▶ PROBLEM REQUIREMENTS: Please copy exactly the lines from the one containing "30X يختلف سيليكون" to the end of the entries, both included, and nothing else. Omit every picture.

▶ DATA SHOWN:
___

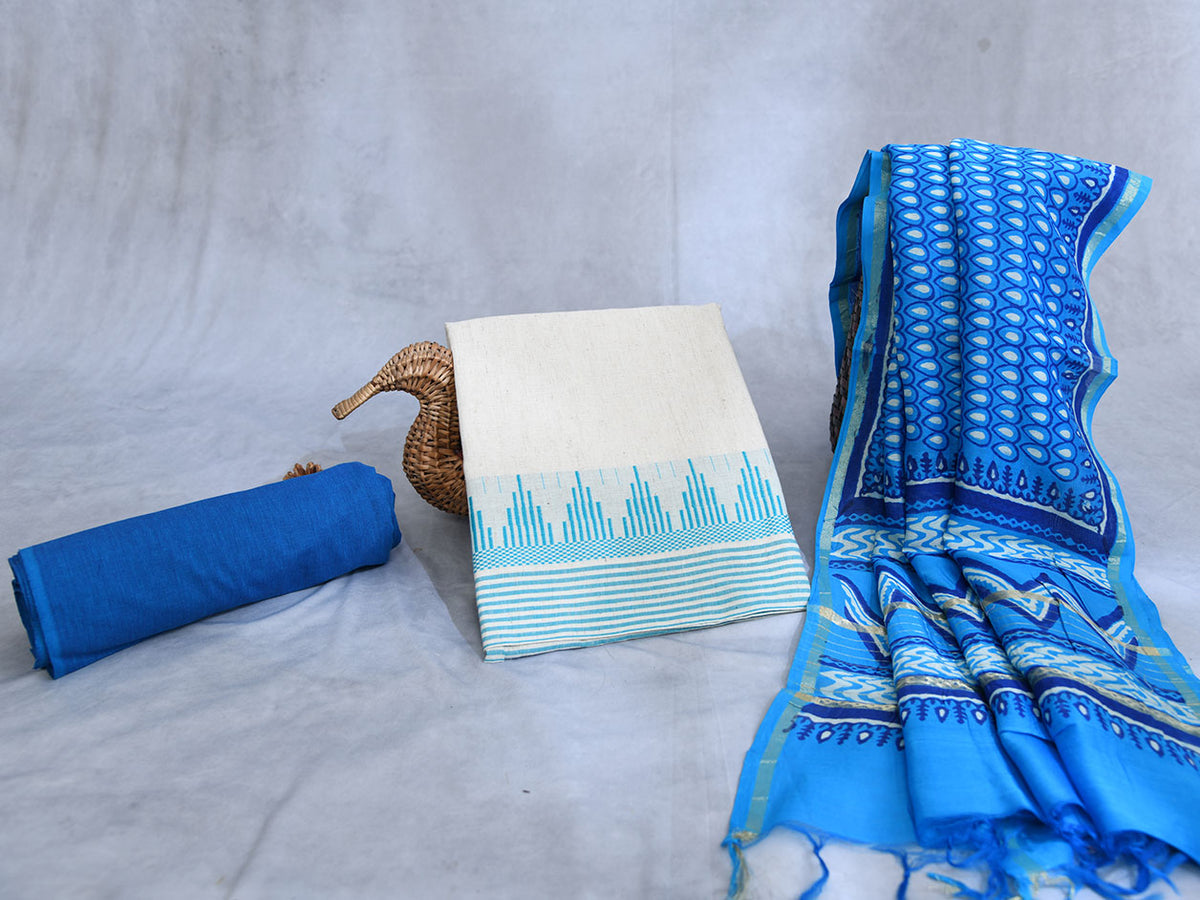 Thread Work Border In Plain Off White And Blue Cotton Unstitched Salwar Material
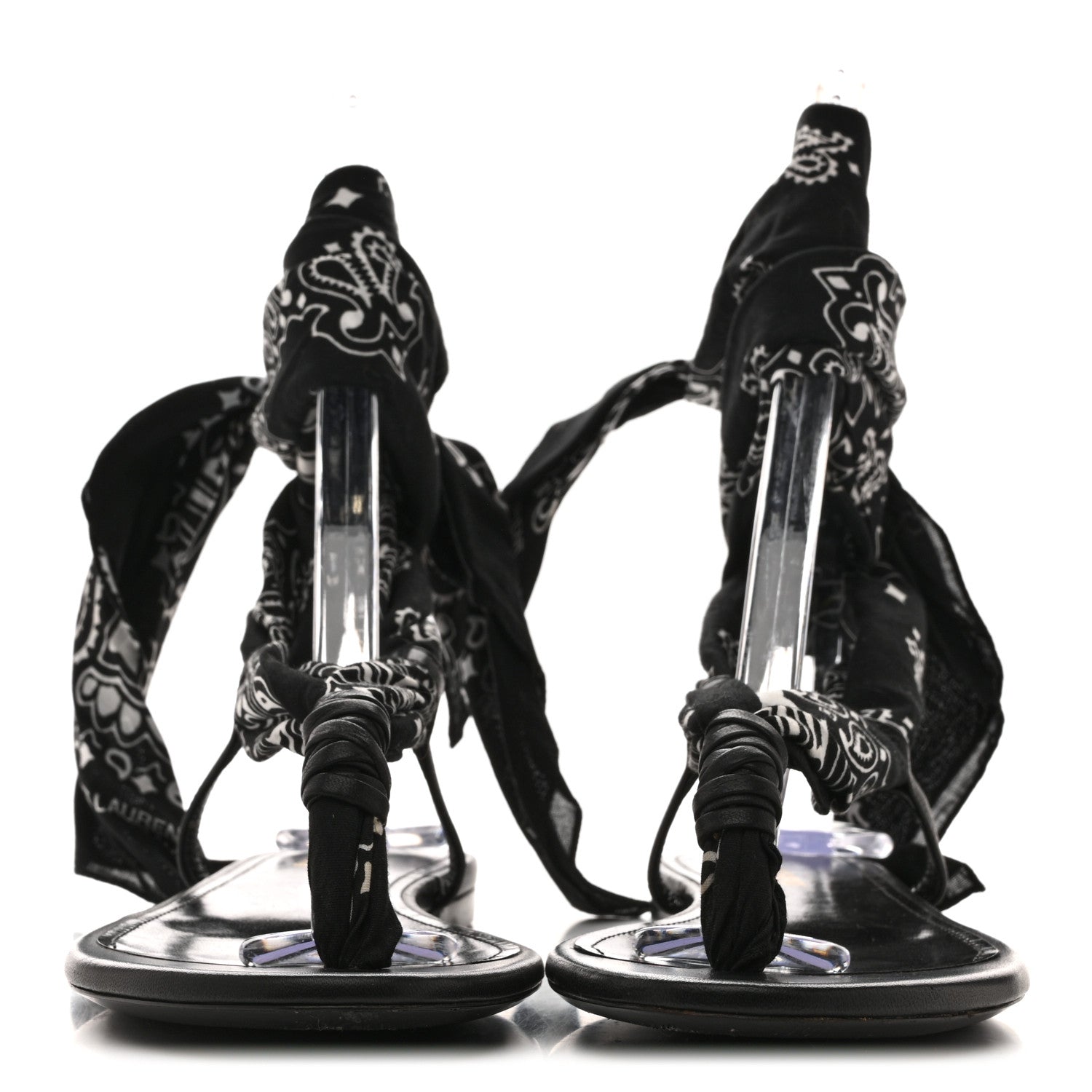 Saint Laurent Calfskin Cotton Paisley Print Flat Sandals 37.5 Black 3 of 9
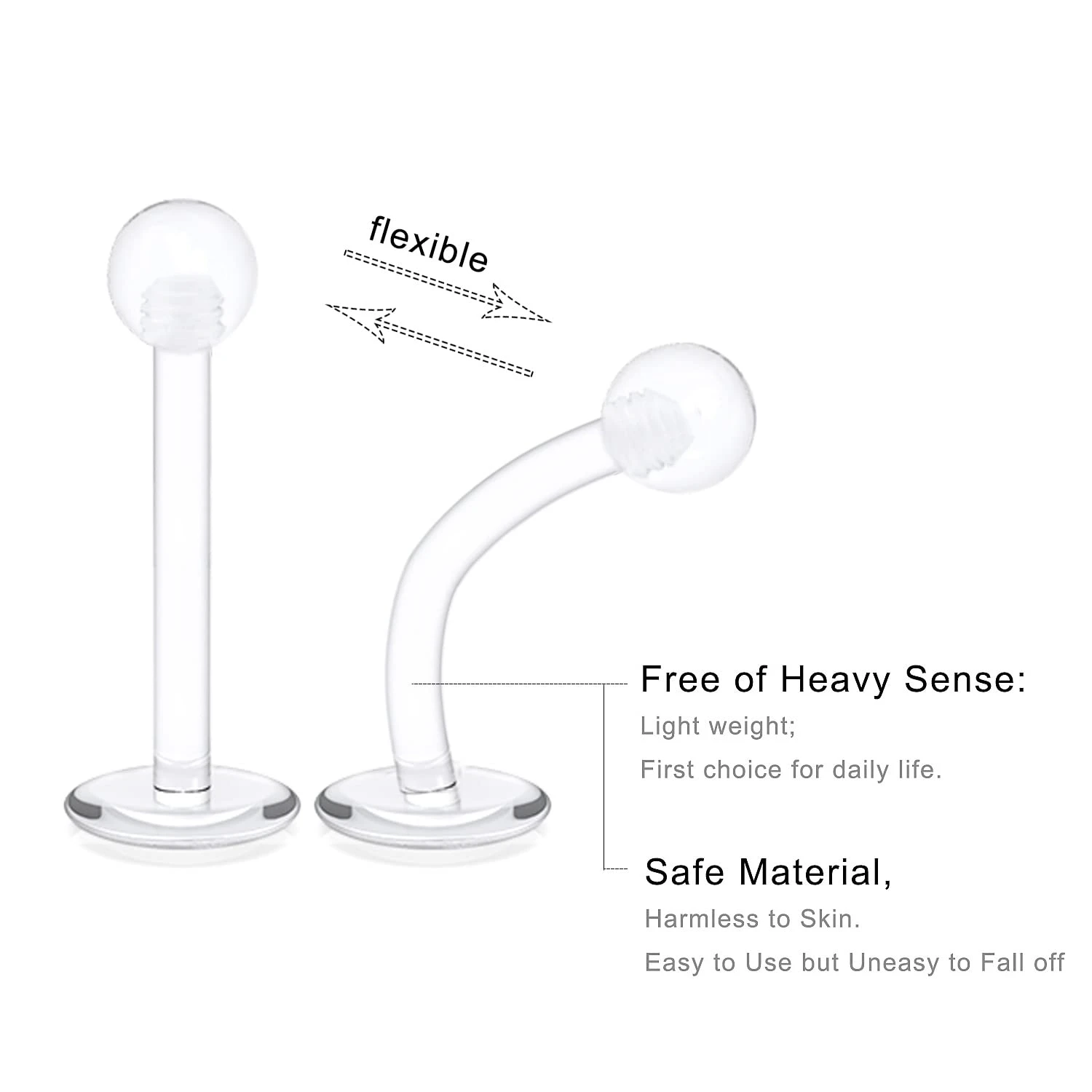 30X يختلف سيليكون مرنة حدوة الحصان الأنف الحاجب الدائري بار الأذن Labret مونرو الشفاه مسمار التجنيب ثقب 16 جرام 1.2 مللي متر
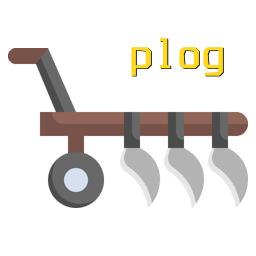 plog logo. A plow with the words 'plog'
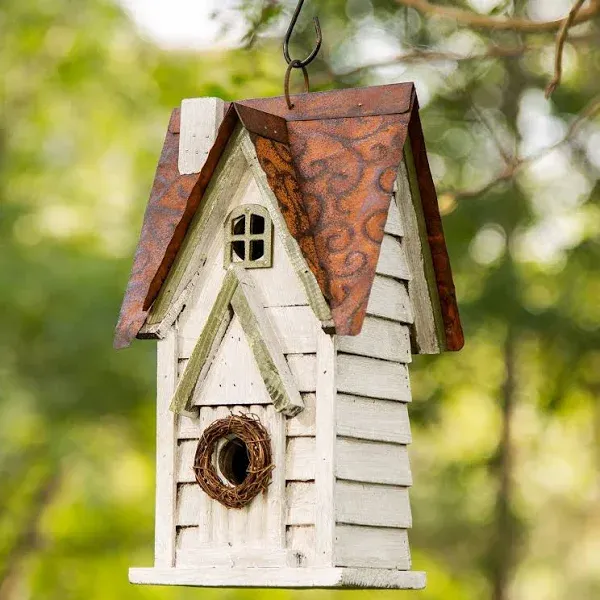 Glitzhome GH90086 Hanging Distressed Wooden Garden Cottage Birdhouse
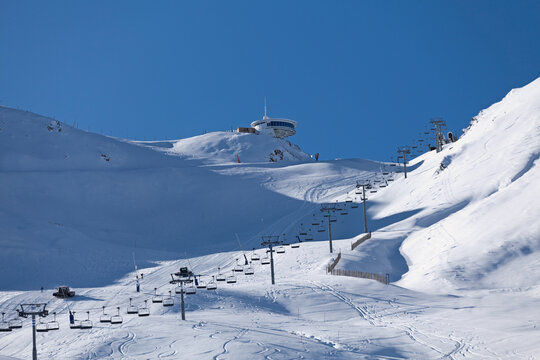 Snow-capped mountain at Grandvalira ski resort in Pas de la Casa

___

▶ COMPLETED TASK:
 30X يختلف سيليكون مرنة حدوة الحصان الأنف الحاجب الدائري بار الأذن Labret مونرو الشفاه مسمار التجنيب ثقب 16 جرام 1.2 مللي متر
 plog logo. A plow with the words 'plog'
 Glitzhome GH90086 Hanging Distressed Wooden Garden Cottage Birdhouse
 Snow-capped mountain at Grandvalira ski resort in Pas de la Casa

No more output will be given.